What this task involves
Reproduce precisely the lines between the start of the data below and the line with "Anyways, hope you", both included.

++++

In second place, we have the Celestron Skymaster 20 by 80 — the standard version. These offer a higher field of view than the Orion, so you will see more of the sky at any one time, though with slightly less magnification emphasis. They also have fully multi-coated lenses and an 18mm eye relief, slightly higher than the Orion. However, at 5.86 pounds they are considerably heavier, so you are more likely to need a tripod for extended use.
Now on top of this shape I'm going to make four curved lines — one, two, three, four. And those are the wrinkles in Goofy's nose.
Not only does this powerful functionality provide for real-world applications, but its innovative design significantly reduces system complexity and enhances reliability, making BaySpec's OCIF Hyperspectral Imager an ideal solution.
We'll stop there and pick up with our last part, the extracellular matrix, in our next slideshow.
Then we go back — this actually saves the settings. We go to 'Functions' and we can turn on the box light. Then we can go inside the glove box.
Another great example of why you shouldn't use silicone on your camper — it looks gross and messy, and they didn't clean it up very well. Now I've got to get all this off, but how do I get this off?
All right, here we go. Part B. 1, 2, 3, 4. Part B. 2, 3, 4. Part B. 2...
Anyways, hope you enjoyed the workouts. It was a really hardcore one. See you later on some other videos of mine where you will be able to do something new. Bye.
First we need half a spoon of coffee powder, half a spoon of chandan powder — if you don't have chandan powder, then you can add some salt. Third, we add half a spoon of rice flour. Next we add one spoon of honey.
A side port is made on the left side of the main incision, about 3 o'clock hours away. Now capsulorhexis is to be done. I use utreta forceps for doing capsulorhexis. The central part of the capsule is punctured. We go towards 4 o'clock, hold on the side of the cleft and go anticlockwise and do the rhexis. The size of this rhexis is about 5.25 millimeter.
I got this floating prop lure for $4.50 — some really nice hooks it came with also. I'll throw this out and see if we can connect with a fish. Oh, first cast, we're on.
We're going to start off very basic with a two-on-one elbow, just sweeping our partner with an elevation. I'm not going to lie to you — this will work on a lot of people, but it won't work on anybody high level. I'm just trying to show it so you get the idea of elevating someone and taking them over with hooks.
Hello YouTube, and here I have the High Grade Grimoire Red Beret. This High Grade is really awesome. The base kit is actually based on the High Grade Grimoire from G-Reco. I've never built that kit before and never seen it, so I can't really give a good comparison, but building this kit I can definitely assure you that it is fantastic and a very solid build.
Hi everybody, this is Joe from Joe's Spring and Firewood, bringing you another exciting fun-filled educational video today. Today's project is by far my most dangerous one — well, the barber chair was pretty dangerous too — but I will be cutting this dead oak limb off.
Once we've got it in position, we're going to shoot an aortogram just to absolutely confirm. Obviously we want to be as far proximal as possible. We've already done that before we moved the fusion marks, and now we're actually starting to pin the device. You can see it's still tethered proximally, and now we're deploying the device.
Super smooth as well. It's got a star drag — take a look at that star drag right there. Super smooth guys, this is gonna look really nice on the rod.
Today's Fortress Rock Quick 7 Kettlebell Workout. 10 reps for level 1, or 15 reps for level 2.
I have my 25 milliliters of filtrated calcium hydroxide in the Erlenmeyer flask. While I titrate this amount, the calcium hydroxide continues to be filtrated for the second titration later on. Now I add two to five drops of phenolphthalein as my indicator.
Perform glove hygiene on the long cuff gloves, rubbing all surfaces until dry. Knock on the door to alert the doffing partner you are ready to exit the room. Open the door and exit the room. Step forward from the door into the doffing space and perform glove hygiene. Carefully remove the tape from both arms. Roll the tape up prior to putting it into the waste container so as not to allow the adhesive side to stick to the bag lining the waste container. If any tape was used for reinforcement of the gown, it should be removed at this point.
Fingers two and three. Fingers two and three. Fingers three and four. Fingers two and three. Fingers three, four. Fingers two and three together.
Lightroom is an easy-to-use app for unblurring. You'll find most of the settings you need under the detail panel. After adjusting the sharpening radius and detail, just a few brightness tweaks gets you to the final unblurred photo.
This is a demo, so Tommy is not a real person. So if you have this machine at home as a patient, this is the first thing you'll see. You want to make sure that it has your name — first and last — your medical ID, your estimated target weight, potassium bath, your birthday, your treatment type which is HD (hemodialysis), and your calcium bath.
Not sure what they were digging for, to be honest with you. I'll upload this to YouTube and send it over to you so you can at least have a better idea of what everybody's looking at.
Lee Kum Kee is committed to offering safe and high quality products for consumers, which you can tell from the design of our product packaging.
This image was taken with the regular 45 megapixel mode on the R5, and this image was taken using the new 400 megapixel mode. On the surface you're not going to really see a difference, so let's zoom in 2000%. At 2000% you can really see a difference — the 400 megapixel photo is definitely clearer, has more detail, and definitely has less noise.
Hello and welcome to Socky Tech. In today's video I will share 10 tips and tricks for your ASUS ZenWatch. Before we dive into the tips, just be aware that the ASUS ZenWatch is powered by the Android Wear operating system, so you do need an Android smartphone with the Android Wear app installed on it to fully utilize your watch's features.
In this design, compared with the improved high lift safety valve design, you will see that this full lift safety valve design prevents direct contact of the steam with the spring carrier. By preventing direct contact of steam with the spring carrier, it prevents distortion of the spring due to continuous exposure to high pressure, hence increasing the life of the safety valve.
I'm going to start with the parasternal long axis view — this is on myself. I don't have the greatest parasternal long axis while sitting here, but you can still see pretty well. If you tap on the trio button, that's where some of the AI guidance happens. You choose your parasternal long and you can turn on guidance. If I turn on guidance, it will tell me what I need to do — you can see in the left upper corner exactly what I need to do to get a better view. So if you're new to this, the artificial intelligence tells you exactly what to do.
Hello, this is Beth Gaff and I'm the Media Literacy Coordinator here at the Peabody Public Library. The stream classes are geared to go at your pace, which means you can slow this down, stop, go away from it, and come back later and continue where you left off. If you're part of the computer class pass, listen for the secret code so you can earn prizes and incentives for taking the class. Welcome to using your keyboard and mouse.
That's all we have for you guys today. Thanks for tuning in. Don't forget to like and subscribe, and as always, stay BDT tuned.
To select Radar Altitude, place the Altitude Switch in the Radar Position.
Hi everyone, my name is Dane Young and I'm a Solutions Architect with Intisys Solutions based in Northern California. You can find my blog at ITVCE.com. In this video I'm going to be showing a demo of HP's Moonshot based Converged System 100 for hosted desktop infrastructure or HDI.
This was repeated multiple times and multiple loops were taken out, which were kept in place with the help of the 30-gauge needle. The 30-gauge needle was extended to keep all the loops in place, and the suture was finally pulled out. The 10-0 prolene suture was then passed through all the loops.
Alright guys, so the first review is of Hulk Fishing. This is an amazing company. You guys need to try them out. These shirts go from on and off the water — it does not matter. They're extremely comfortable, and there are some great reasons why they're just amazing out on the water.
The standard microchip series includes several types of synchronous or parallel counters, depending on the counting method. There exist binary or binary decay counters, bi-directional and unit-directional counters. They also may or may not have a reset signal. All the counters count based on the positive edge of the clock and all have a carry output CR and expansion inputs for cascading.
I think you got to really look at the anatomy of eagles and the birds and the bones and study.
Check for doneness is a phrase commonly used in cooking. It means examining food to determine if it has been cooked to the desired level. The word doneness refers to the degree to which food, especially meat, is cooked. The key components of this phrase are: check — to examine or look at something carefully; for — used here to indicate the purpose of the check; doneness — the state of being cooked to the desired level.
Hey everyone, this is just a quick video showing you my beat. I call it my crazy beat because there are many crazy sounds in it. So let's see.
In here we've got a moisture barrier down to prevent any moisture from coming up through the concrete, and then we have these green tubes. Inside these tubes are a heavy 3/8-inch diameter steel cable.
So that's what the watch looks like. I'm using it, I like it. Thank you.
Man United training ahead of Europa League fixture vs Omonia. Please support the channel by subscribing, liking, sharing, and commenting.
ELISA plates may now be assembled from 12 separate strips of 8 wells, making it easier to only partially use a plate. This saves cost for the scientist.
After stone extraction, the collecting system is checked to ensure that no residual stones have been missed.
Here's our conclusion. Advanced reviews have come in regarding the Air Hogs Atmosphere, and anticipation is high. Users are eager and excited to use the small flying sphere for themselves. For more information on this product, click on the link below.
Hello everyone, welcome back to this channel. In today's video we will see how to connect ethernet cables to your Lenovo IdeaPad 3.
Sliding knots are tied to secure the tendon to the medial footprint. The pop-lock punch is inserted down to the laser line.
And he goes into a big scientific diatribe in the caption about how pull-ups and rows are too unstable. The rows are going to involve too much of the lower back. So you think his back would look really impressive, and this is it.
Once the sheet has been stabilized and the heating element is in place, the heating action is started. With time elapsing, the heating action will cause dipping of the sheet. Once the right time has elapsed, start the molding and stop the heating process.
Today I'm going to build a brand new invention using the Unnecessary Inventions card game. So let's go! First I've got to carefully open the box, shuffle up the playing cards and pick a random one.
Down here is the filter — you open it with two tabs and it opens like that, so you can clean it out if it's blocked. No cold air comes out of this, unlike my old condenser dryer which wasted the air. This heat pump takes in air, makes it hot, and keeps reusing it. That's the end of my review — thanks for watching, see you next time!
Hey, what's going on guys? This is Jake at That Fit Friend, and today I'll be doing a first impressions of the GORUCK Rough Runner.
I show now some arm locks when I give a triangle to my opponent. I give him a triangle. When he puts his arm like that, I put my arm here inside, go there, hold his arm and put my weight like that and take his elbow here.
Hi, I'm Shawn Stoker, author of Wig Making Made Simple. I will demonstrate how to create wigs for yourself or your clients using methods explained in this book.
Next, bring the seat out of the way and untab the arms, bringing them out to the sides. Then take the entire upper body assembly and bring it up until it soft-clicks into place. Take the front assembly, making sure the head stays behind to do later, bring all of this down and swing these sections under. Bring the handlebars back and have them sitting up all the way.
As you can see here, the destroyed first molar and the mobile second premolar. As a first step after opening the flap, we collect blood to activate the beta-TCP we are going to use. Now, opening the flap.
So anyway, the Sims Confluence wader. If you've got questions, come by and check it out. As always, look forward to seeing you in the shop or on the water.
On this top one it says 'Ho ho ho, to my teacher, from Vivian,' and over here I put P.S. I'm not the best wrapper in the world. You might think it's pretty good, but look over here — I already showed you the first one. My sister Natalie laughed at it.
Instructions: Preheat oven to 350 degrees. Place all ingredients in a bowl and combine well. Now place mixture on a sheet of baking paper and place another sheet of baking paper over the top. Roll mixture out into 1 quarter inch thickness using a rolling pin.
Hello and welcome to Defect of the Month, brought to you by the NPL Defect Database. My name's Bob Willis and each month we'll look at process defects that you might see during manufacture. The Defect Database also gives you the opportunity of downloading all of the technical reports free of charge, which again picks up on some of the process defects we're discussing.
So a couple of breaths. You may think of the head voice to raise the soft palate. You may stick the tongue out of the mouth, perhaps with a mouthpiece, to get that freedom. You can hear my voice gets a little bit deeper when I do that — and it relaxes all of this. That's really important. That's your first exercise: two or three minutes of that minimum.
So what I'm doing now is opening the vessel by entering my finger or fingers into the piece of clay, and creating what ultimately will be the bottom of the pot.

++++

Output below
In second place, we have the Celestron Skymaster 20 by 80 — the standard version. These offer a higher field of view than the Orion, so you will see more of the sky at any one time, though with slightly less magnification emphasis. They also have fully multi-coated lenses and an 18mm eye relief, slightly higher than the Orion. However, at 5.86 pounds they are considerably heavier, so you are more likely to need a tripod for extended use.
Now on top of this shape I'm going to make four curved lines — one, two, three, four. And those are the wrinkles in Goofy's nose.
Not only does this powerful functionality provide for real-world applications, but its innovative design significantly reduces system complexity and enhances reliability, making BaySpec's OCIF Hyperspectral Imager an ideal solution.
We'll stop there and pick up with our last part, the extracellular matrix, in our next slideshow.
Then we go back — this actually saves the settings. We go to 'Functions' and we can turn on the box light. Then we can go inside the glove box.
Another great example of why you shouldn't use silicone on your camper — it looks gross and messy, and they didn't clean it up very well. Now I've got to get all this off, but how do I get this off?
All right, here we go. Part B. 1, 2, 3, 4. Part B. 2, 3, 4. Part B. 2...
Anyways, hope you enjoyed the workouts. It was a really hardcore one. See you later on some other videos of mine where you will be able to do something new. Bye.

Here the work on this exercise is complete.